ClickHouse on Amazon Elastic Compute Cloud (Amazon EC2) stores and processes large volumes of market data and backtest results.
Streamlit application on Amazon EC2 delivers both an interactive configuration interface for triggering backtests and comprehensive dashboards for analyzing strategy performance results.

This architecture delivers several benefits:

Virtually unlimited computational power: Scale up to thousands of cores during intensive backtesting periods and scale down when not needed.
Cost efficiency through pay-as-you-go pricing: Only pay for the compute resources you use, eliminating the need for expensive idle hardware.
Rapid strategy validation: test multiple strategy variants simultaneously to identify promising approaches faster.
Streamlined user experience: Abstract away infrastructure complexity through a user-friendly interface, allowing quant researchers to focus on strategy development rather than cloud infrastructure.

3. Design Principles and Usage

The framework provides a comprehensive solution for developing and testing systematic trading strategies. Here’s how to use it and the design behind it .
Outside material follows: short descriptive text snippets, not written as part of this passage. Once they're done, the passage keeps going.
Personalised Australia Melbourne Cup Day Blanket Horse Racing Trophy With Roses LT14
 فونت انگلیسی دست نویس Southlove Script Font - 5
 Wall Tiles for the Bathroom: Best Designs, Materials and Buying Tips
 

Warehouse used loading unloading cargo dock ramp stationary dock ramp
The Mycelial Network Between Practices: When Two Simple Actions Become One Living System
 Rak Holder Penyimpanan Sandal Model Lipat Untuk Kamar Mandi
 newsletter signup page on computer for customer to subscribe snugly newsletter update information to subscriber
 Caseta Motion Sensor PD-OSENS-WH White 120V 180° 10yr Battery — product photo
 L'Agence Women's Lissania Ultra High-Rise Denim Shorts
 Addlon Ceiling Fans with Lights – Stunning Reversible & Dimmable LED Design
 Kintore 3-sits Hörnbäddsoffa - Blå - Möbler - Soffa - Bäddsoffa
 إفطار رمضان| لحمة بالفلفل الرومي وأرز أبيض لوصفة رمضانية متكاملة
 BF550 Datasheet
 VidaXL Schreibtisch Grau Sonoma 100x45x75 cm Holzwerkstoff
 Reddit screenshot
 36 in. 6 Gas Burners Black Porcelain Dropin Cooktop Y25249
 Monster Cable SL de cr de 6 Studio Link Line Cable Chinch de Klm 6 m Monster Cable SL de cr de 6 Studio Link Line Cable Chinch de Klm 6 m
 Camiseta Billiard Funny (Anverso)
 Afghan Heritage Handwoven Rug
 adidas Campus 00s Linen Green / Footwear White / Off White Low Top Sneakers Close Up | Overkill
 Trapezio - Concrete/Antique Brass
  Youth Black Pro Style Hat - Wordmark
3.1 Strategy Development and Backtest Framework
In this factor trading framework, Backtrader serves as the backtesting engine that validates the feasibility of trading strategies. Backtrader is a popular Python framework for backtesting because of its flexibility and ease of use. Other well-known backtesting frameworks include Zipline and PyAlgoTrade. Backtrader’s advantages include its intuitive API (such as BaseStrategy class), extensive documentation, and active community support. It also offers CSV or customized data feeds, plotting capabilities, and support for various performance metrics. However, quants can choose their preferred framework based on their own needs. Some may opt to create custom backtesting solutions for maximum control and tailored functionality.

In the Backtrader framework, implement your own strategy as below:

1. Extend the BaseStrategy class
2. Implement the required methods for signal generation
3. Configure risk management parameters (take-profit, stop-loss, cooldown periods, etc)

Example of a simple long-short equity strategy implementation long_short_equity.py is included in the GitHub repository:

from strategies.base_strategy import BaseStrategy

class LongShortEquityStrategy(BaseStrategy):
    def generate_signals(self, data, factors, date):
        # Your signal generation logic here, s

Before deploying to AWS, backtest your strategy in local_backtest.py at your computer, allowing developers to test trading logic on a small scale locally.

3.2 Backtesting with AWS Batch
AWS Batch is a powerful solution for parallel backtesting, offering scalability and cost-effectiveness in managing large-scale compute resources. It automatically handles the provisioning and management of necessary computational power, allowing you to run multiple backtests simultaneously without the hassle of maintaining servers. This approach reduces backtest execution time and eliminates the overhead of infrastructure management. By using AWS Batch, you focus on developing and refining your trading strategies rather than worrying about infrastructure concerns.

In this factor trading framework, streamline backtest execution with AWS Batch as below:

1. Use our sample dockerfile to build a container image with your strategy code.
2. Push this image to Amazon ECR.
3. Create an AWS Batch job definition specifying the ECR image.
4. Set up a Batch compute environment and job queue.
5. Submit backtest jobs via the AWS Console, CLI, or SDK.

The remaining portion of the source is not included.